Limité Must-See: Another Earth (2011)

(Re-posted from Limité

by Daniel Quitério

Photo courtesy of Fox Searchlight. © 2011. All rights reserved.
This is the one movie from the past three years that I’m still tweeting about. It’s rare these days that a film comes along and etches its mark in your mind quite the way Another Earth did to me. Stitched together using bubble gum and string (and green fabric and googly eyes—really), this super low-budget indie darling launched the careers of star and co-writer Brit Marling (Arbitrage, 2012) and writer/director Mike Cahill (I Origins, 2014). Believing that it would be near impossible for two unknowns to attract funding in order to make their film, Cahill and Marling took matters into their own hands. The two Georgetown alumni shot the film in Southern Connecticut with a tiny crew, ultimately earning it a place in Sundance’s 2011 official selection, where it won a Special Jury Prize and the Alfred P. Sloan Prize, which is awarded to a film that focuses on science or technology as a theme. It was distributed later that year by Fox Searchlight.

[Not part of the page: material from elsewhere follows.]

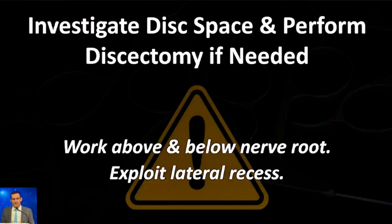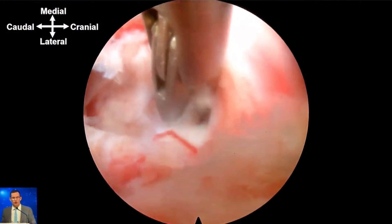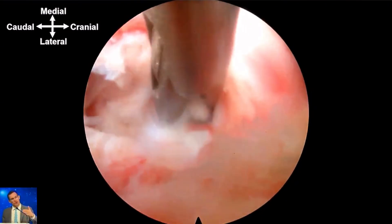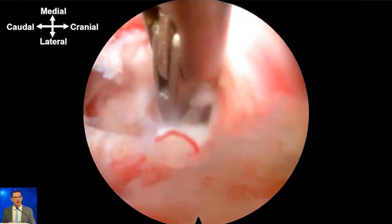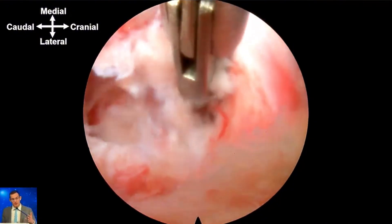If there's a disc herniation, as in this case, you can start to investigate the disc space. There's no dogmatic approach — I just see what it gives me and which side is easier to access. Oftentimes I'm going back and forth above and below the nerve to make sure I've gotten all the disc material out. The lateral recess, just medial to where the foramen starts, usually has a little more space where you can get your instruments in and then slide them laterally to reach disc material in the foramen itself.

Another Earth tells the story of Rhoda, a young woman who is forced to deal with the repercussions of her deadly actions in the midst of the discovery of a second Earth inhabiting the solar system. What could have been a hokey sci-fi pic is beautifully and artfully presented via Cahill’s most capable hands (the same hands that drew a picture of two Earths with the caption, “What if there were two?” as his initial pitch; he admits he didn’t know any better then). Forget the aliens, forget the phaser guns, and all other tropes of campy sci-fi cheese. This film has heart and emotion, tightly presented in one of the best screenplays I’ve seen put to screen in recent memory. In fact, I’ve long said that Another Earth’s screenplay could (and should) be used as a primer for any screenwriting 101 course. The characters are fully developed, their arcs are unmistakable, and the scenes show no wasted effort.

Cahill’s and Marling’s third effort together (their first was 2004 documentary Boxers and Ballerinas) is I Origins, which opens in limited release this Friday. The film, which stars Marling, Michael Pitt (TV’s Boardwalk Empire), and Astrid Bergès-Frisbey (Pirates of the Caribbean: On Stranger Tides, 2011), asks whether there are things about the universe that perhaps science can’t explain. It, too, won the Alfred P. Sloan Prize when it premiered at Sundance earlier this year.

After seeing both Another Earth and I Origins, I’m eagerly anticipating the pair’s next collaboration, which it recently assured an audience in New York’s Lincoln Center that it is working on. Go see these movies, man. They’re amazing.